帰国研修員の声 −デジタル放送の画質のような完璧な旅!−

2011年11月15日

ヘナト・パトルス・ムンジン・ペナ 氏
ANATEL – 国家電気通信庁

私はデジタル放送について研修を受けるために、2011年6月20日から7月30日まで日本に滞在しました。専門家としての経験だけでなく、個人的にも、すべての面において、とても有意義で価値ある体験でした。JICA、総務省、NHKなど、日本で出会ったすべての方々が、例外なく私を温かく迎えて下さった事に非常に感銘を受けました。

研修中はずっと東京に滞在していましたが、富士山、鎌倉市、静岡市を観光で訪れる機会があり、どの町の訪問になろうとも、再び日本に戻りたいと思いました。そして、日本国民とブラジル国民の興味が補完し合っていると感じました。また、両国およびその文化のプラスの面に関してそれぞれに誇りが存在する事も感じました。両国の相違点に対して相互に敬意があるため、距離的に離れ、文化的にも異なるのに、相手のいい部分を欲する2人の友人のように親しい関係です。ブラジルは日本以外で日本人が最も多く居住している国です。技術研修を通じた日本のブラジルに対する貢献は、農業(コーヒー、果実など)と工業(繊維、製鉄、交通機関、デジタル放送など)を中心に広範囲に亘ります。

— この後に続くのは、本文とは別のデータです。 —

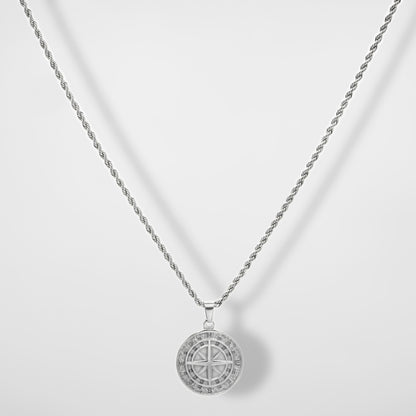Compass Pendant (Silver) - Biraaj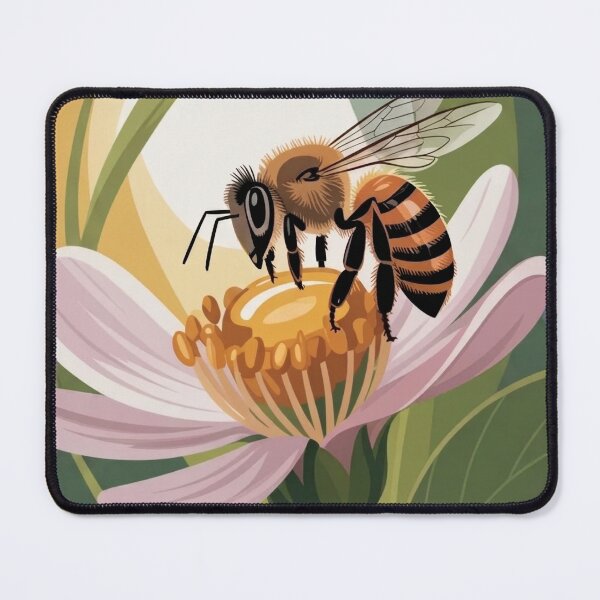 Item preview, Honey Bee on Wildflower designed and sold by PatsiRose.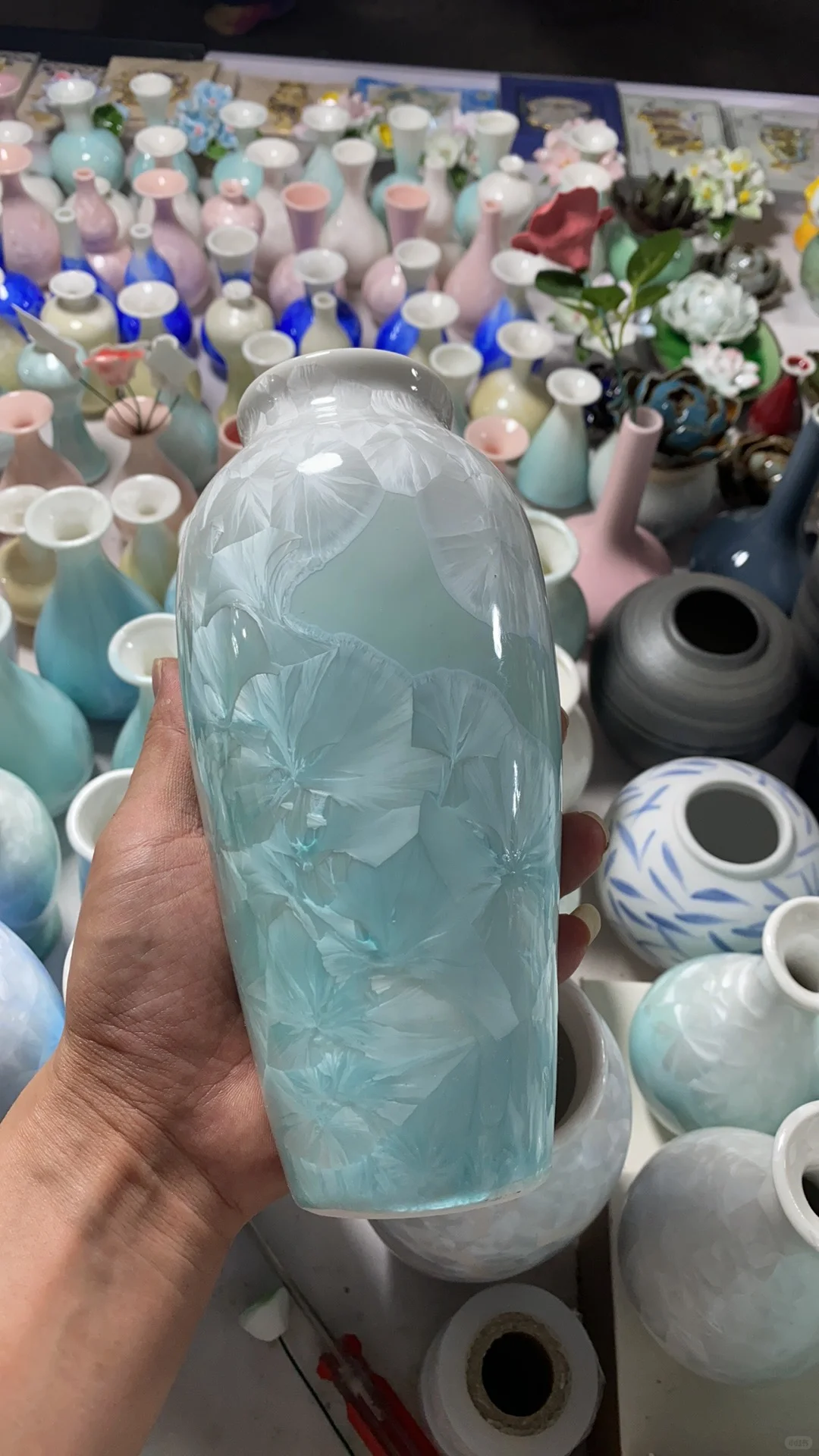 景德镇结晶釉花瓶，，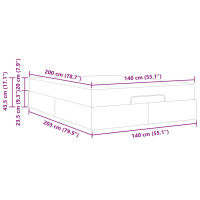 Produktbild för Sängram med madrass Övrigt 2 pcs Vit PVC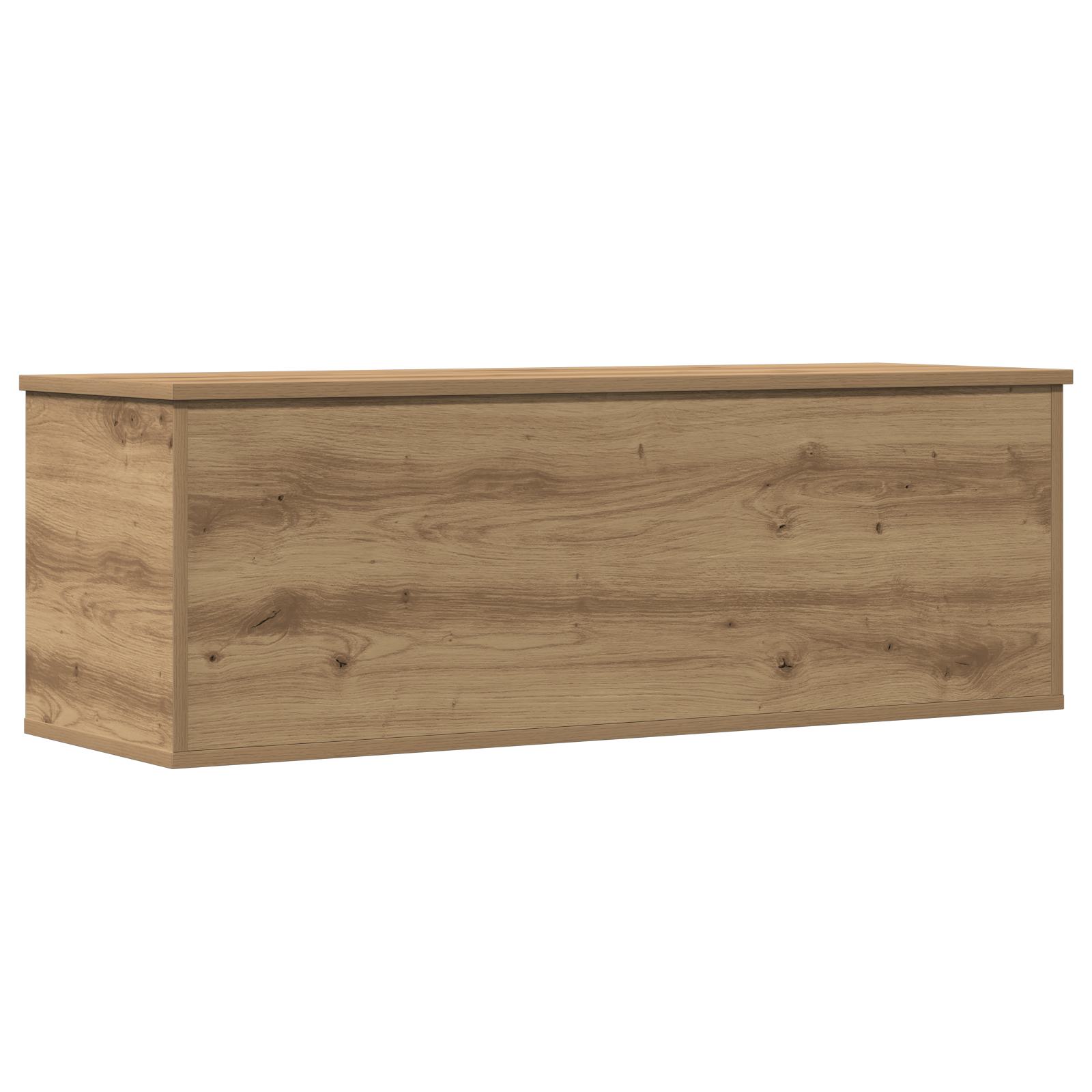 Artisan Oak Storage Box 102x35x35 cm Made of Engineered Wood - Image 2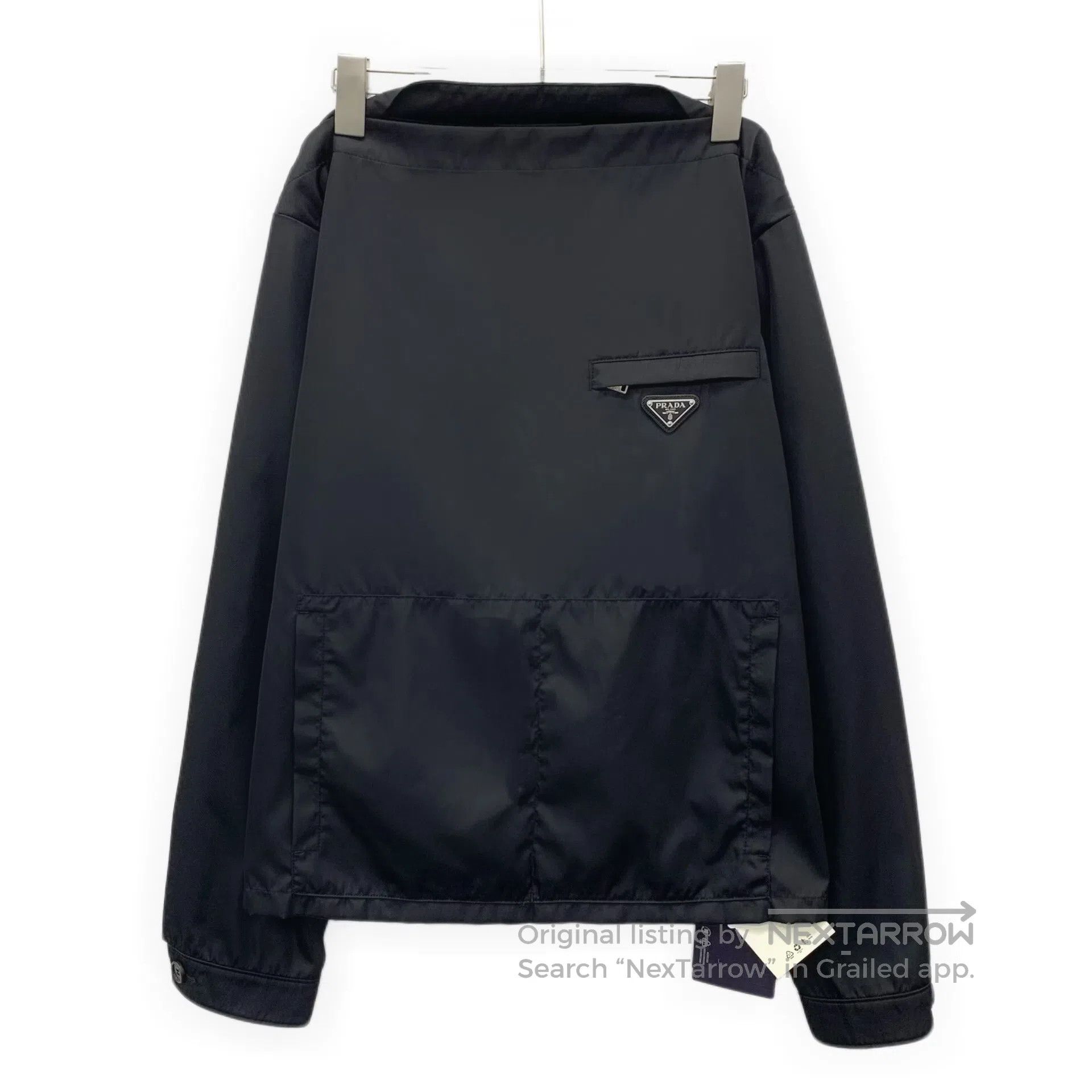 Prada Prada Black triangle logo nylon long-sleeve jacket| Size US M / EU 48-50 / 2 - 1 Thumbnail
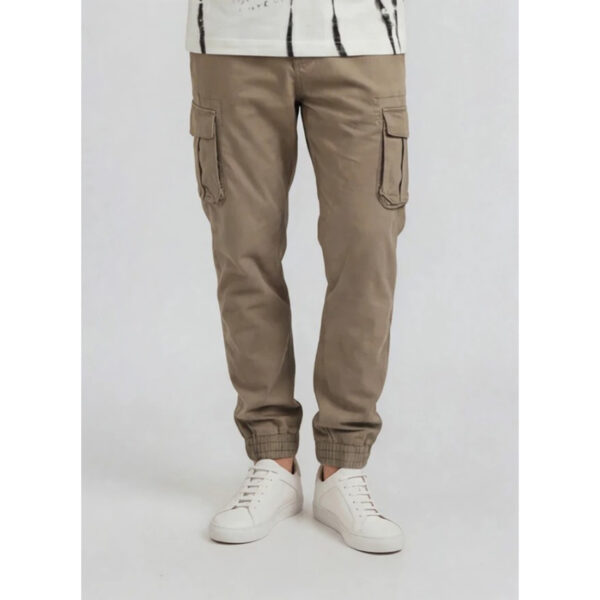 Elastic Ankle Cargo Pants
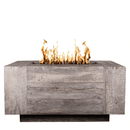 The Outdoor Plus - Catalina GFRC Wood Grain Concrete Rectangle Gas Fire Pit 84"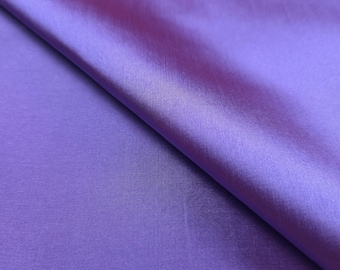 Iridescent Taffeta Fabric, Cornflower Blue & Red, 58" Wide, Faux Silk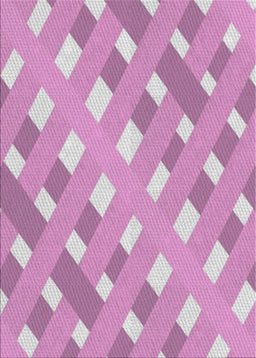 Patterned Magenta Pink Novelty Rug, pat1130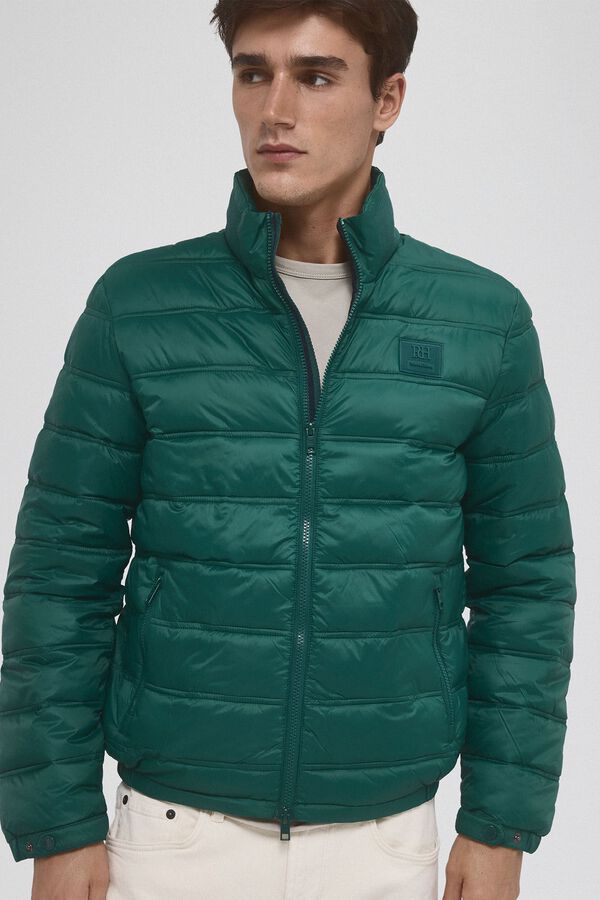 Pedro del Hierro Blus&atilde;o ultraleve imperme&aacute;vel Verde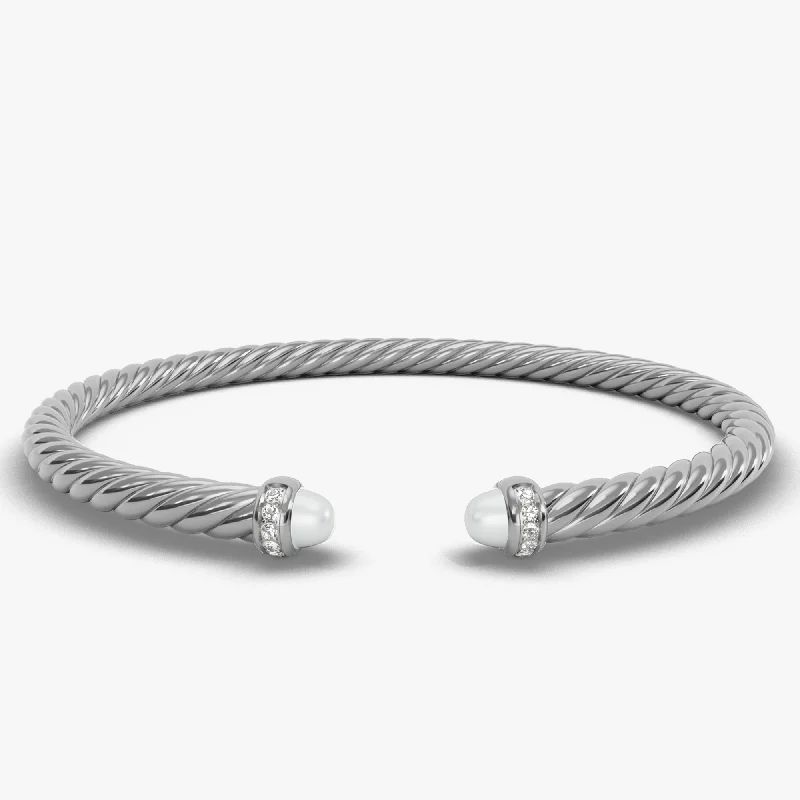 Grab Your Favorite Jewelry At The Lowest Prices 4MM MODERN CABLE FLEX BRACELET PE DI SIL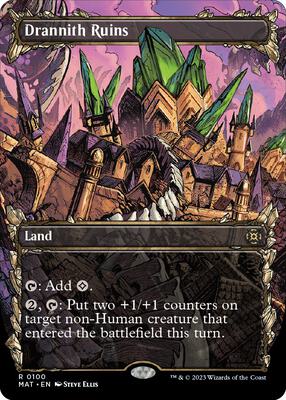 Drannith Ruins (Showcase) card from March of the Machine: The Aftermath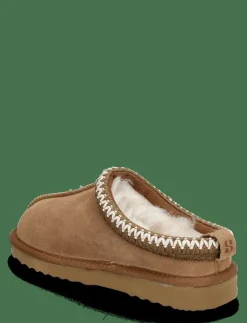 Kvinnor Sofie Schnoor Tofflor|Slip in low w. tape boozt - Teddy boots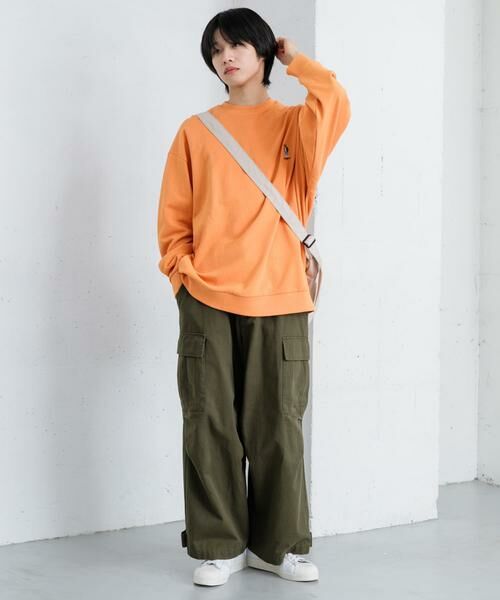 SENSE OF PLACE by URBAN RESEARCH / センスオブプレイス バイ アーバンリサーチ スウェット | 『別注』『ユニセックス』TeddyBear×SOP　テディベアスウェットシャツ | 詳細5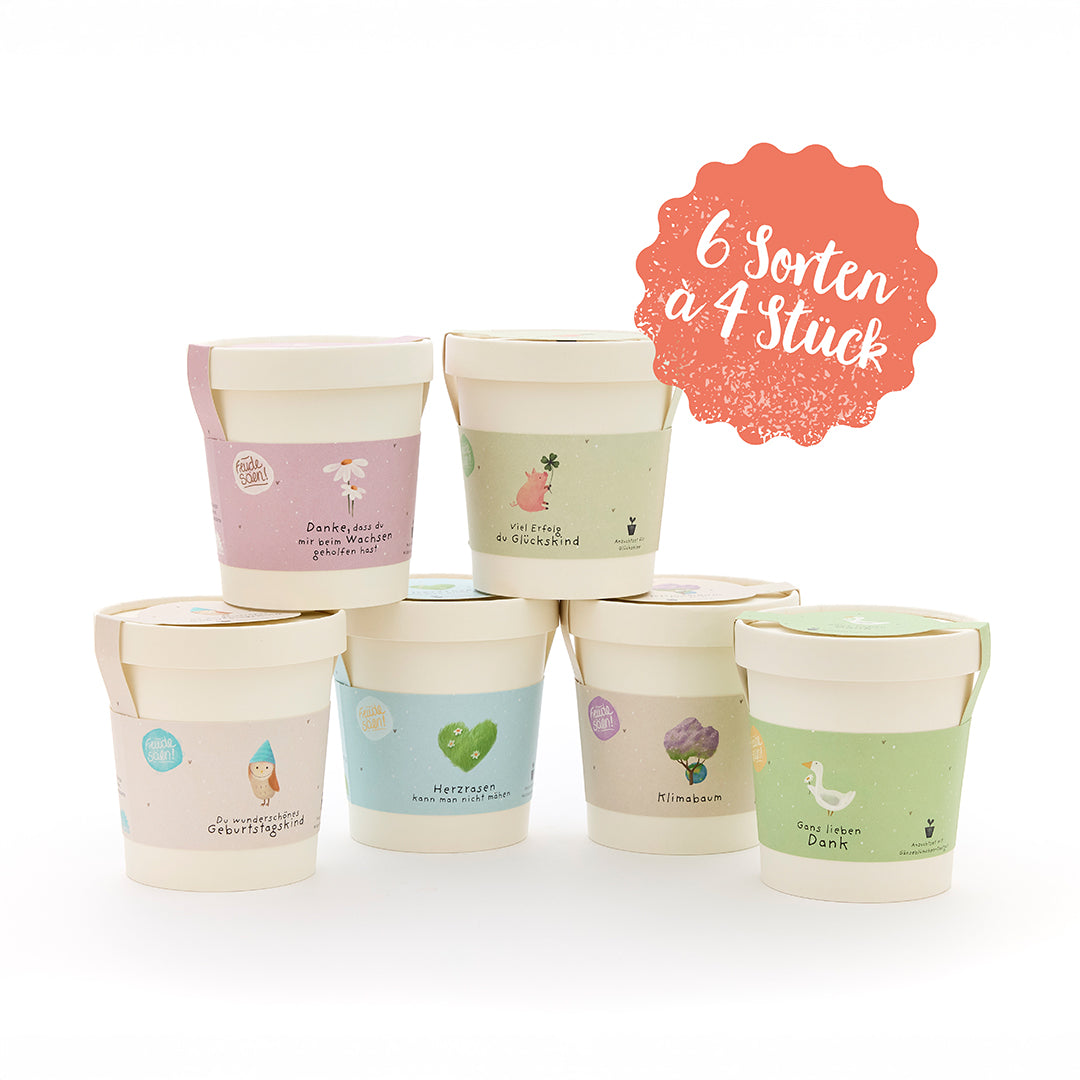 Becher 24er Set mit 6 Sorten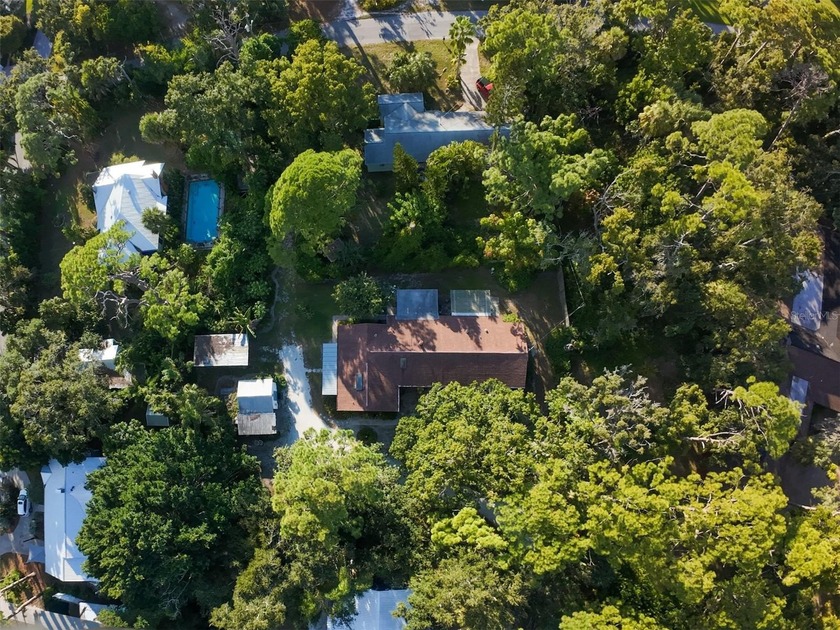 Nestled in a canopy of lush, tropical greenery in Indian Beach - Beach Lot for sale in Sarasota, Florida on Beachhouse.com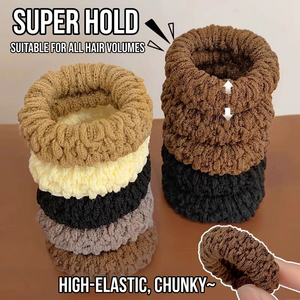 Élastique à cheveux épais et très élastique, sans couture, en forme de boucle de serviette, style Popcorn, pour queue de cheval, accessoire capillaire avec breloque porte-bonheur moelleuse de style chinois - Product Image 1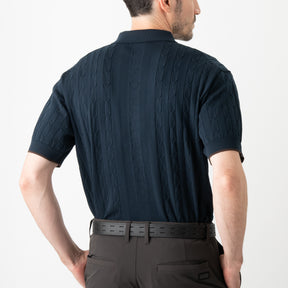 ZHG-M6A4d | SOLOTEX® Cable-Knit Polo Shirts 85362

私が受けた研修は、ISDB-Tデジタル方式を中心としたデジタルテレビ工学に関するものでした。理論的な講義のほかに、ソニーの工場を技術視察に訪れたり、NHKとテレビ朝日の放送センター、NHKアーカイブス、パナソニックセンターなどを訪問しました。

同研修はNHKの協力の下に実現し、理論的な講義はNHK放送研修センターで実施されました。NHKでは日ごとまたは午前・午後ごとに様ざまな方が講義を実施して下さいました。研修は素晴らしく、非常に専門的でした。講師はその分野で実際に働いておられる方のため、内容を熟知していました。また、ISDB-T方式を開発した研究者に講師を務めていただいた講義も何度かありました。

日本は2011年7月25日にアナログ放送を終了しました。日本にとって歴史的な日であるという理由から、私も日本でこのイベントを見守るブラジル代表団に参加しました。日本には11,300台のデジタル送信機が設置されており、その内訳はNHK(ニュースと教育番組の2チャンネル)の送信機が4,169台、民間の地上波のテレビ局5社の送信機が7,131台です。

東京では、東京タワーという約330メートルのタワーが利用されています。また、2012年に完成予定のスカイツリーという約600メートルのタワーが建設中です。

ブラジルでも、デジタルテレビ放送は非常に重要です。ブラジルには5千以上の町があり、ローカル番組も含めて、地上波のデジタル放送エリアを拡大するという挑戦が待ち構えています。地上波のデジタル放送サービスの拡大という未来に向けたビジョンは1つの現実なのです。